If gumption is a measure of success, then Connor Cameron is already well on his way to be becoming an Australian unicorn startup founder.
The Sydney student sent Startup Daily a media release today with the title “The 17 Year Old CEO Juggling High School with a $100,000 Startup”. It was so polished he put the efforts of many a veteran PR to shame.
His media release begins:
At face value, Connor Cameron seems like any other Sydney high school student. He attends his Math and English classes during the week and spends time with his friends on weekends. Behind the curtain however, Connor is one of Australia’s youngest startup founders, tackling the major issue of student employment with ‘Stakk’; a hundred thousand dollar platform that lets people find and hire local high school students for household tasks in under 60 seconds.
The teenager is already talking scale, believing his fledgling startup can go national within two years.
Turns out Connor is already a serial entrepreneur who began selling soft drinks from his school locker, aged 12, formed his first company at 14 and two years later, frustrated by how hard it was for students his age to find jobs, he began developing the Stakk website over the 2018-19 summer holidays.
Stakk.com.au is a bit like Airtasker for students, and currently operates in the North Sydney area (Connor is planning for a Sydney-wide roll out shortly).
You can book a student for tasks around the house, including gardening, at $25 an hour (minimum 30 mins).
Stakk promises someone within 24 hours, but points out they’re only available between 4pm and 6pm on weekdays during school term, plus 8am-6pm on weekends.
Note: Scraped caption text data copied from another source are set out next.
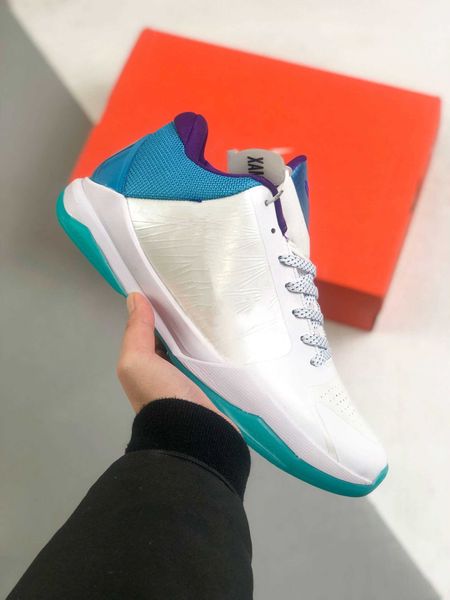 

box 12 days delivered mamba 5 zk5 draft day basketball shoe rice school away yellow forest green white ftb men sport shoes sneakers with box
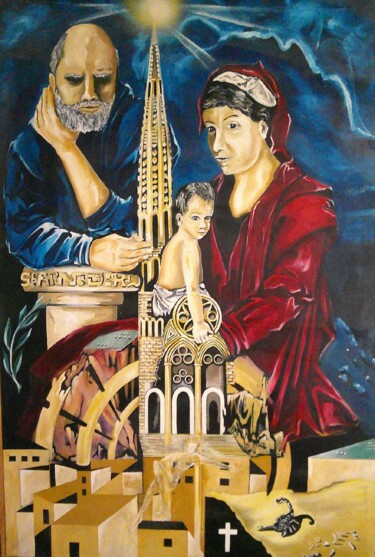 Malerei mit dem Titel "Croissance" von Sandro, Original-Kunstwerk, Öl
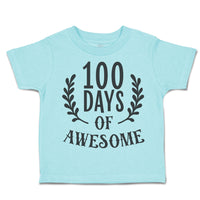 Toddler Clothes 100 Days of Awesome Toddler Shirt Baby Clothes Cotton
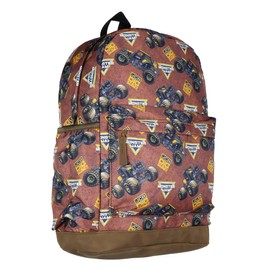 Monster Jam Backpack JCB DIGatron Big Truck Dig It Kids School Book Travel Daypack Bag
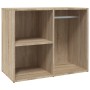 Mueble vestidor madera contrachapada roble Sonoma 80x40x65 cm de vidaXL, Taquillas y armarios de almacenamiento - Ref: Foro24...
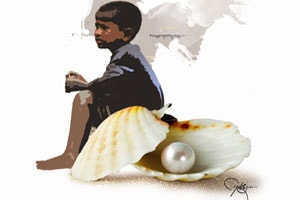 मोती अन् शिंपला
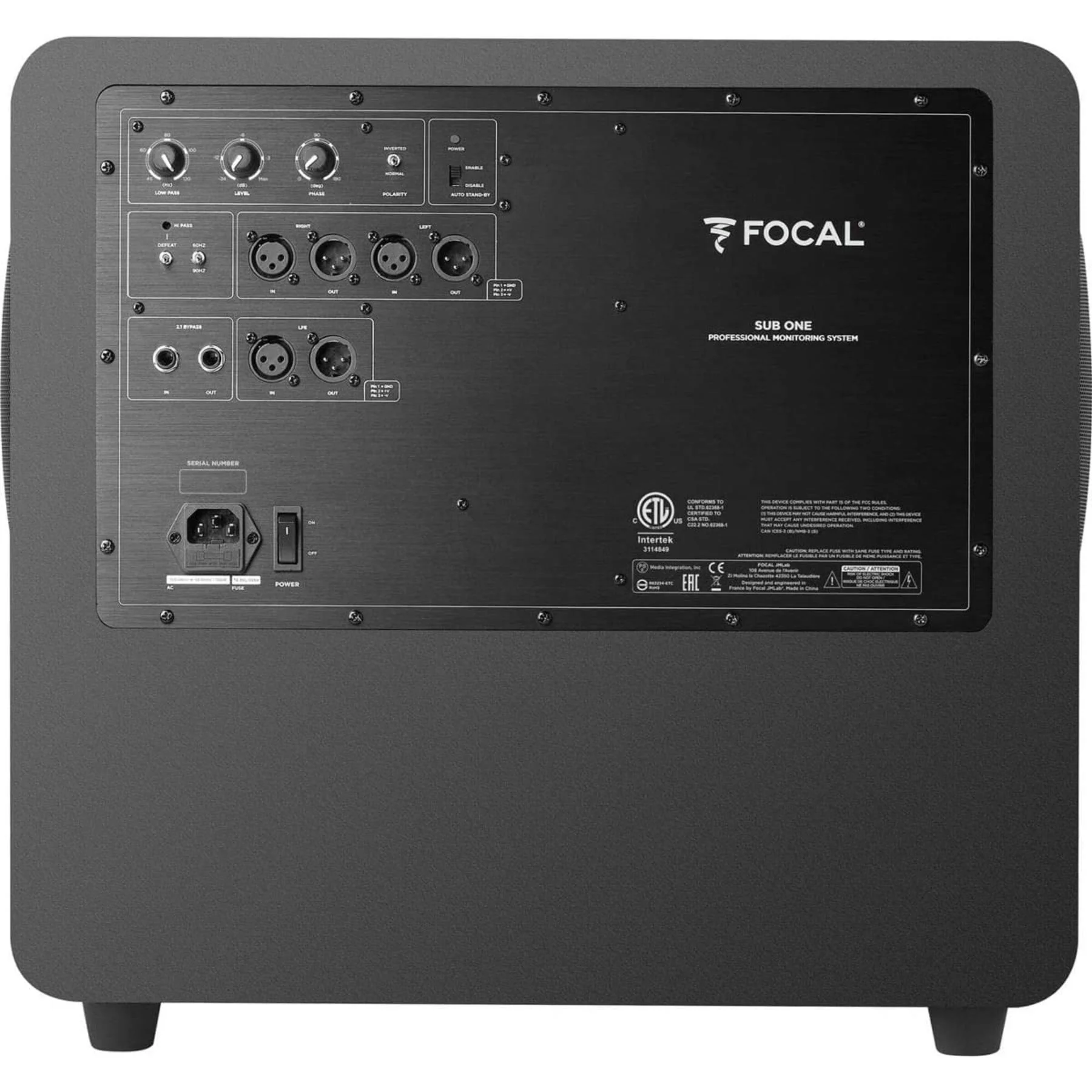 Focal Sub One Dual 8-inch Powered Studio Subwoofer - Image 4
The teenagers have public liability insurance and Connor told Startup Daily that students from years 9 to 12 from around a dozen local schools are part of the Stakk workforce.
Connor says the Stakk user base already numbers in the thousands, with hundreds of hours of bookings made.
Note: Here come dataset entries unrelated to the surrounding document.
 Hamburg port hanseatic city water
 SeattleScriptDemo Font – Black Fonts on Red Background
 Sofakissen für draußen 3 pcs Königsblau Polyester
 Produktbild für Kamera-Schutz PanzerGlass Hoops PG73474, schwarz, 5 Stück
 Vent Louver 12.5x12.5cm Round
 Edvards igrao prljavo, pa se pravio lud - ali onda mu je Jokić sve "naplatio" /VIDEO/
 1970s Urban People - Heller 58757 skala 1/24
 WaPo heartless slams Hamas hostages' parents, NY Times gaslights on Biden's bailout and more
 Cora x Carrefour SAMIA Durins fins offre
And as the site says on customer satisfaction: “We strive to deliver the best service to you with every task. If for any reason you are not satisfied, please contact our team within 24 hours of your service and we will happily send another student back free of charge”.
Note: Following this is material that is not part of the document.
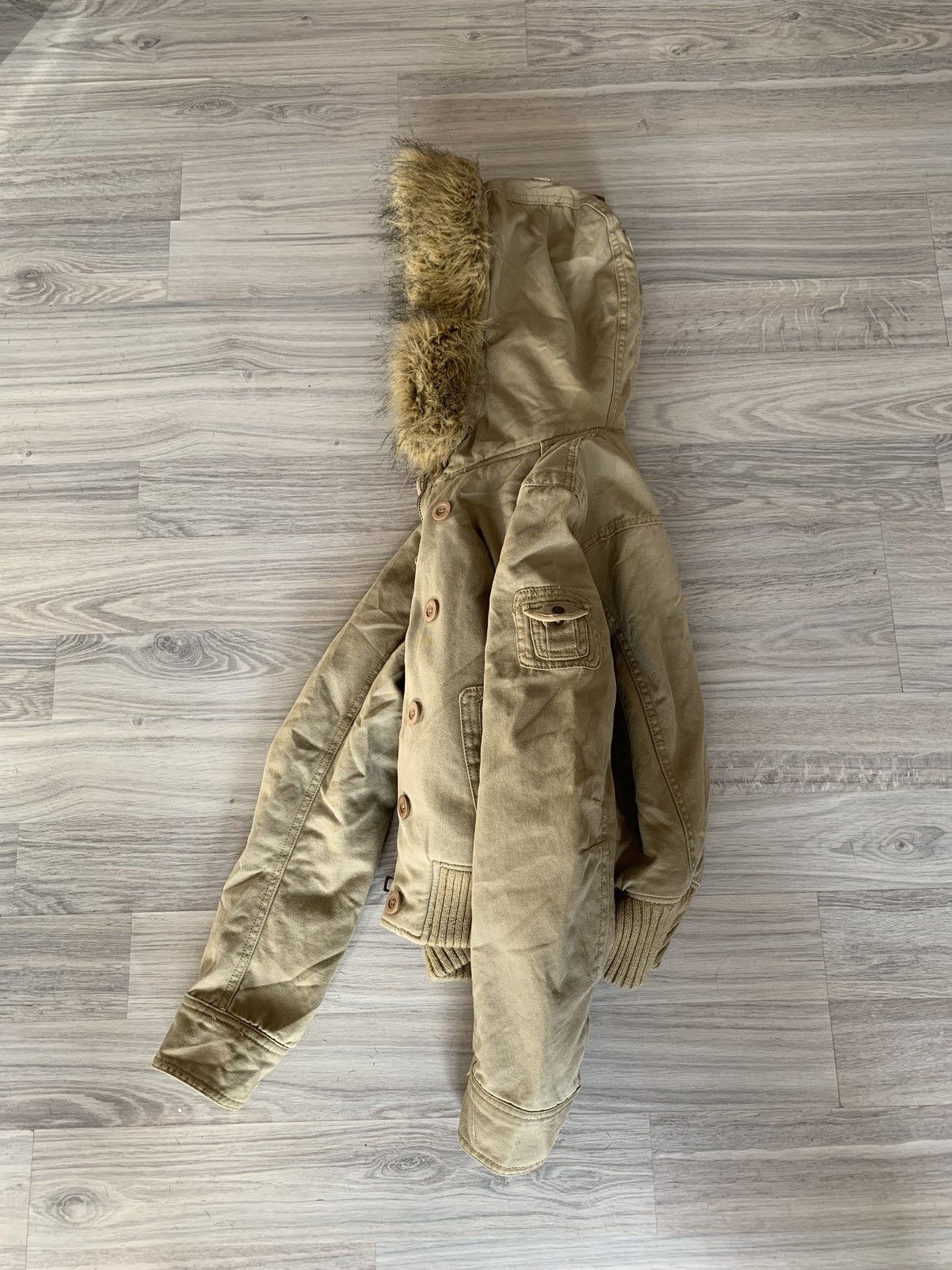 Abercrombie Fitch wmns Y2K faux fur jacket LGB Goa styled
The startup had a “pre-seed investment in July 2018 at a valuation of $100,000”.
His proudest moment so far was his first review.
“I was over the moon. I knew then that even if it all fell apart the next day, I’d have been happy just to have improved the life of one customer just that little bit, it’s a hard feeling to describe,” he said.
The teenage CEO believes his site also gives students work experience that makes them more employable in the long run.
For now, the year 12 student has another side hustle to focus on – his HSC.
No doubt a couple of key investors, his dad, who runs an IT business, and mum, an architect, at his co-working space (the family home) are keen for a strong exit strategy to deliver an excellent ROI for their 13 years of equity backing in the Stakk founder.
As for Stakk, Connor’s ambition is impressive.
“My long term goal for Stakk has always been to be the leading source of employment for high school students in Australia, and I think we could get there within 24 months,” he said.
“At the moment the focus is on ensuring we have the right model to scale throughout the country.”
Today, North Sydney, tomorrow the world.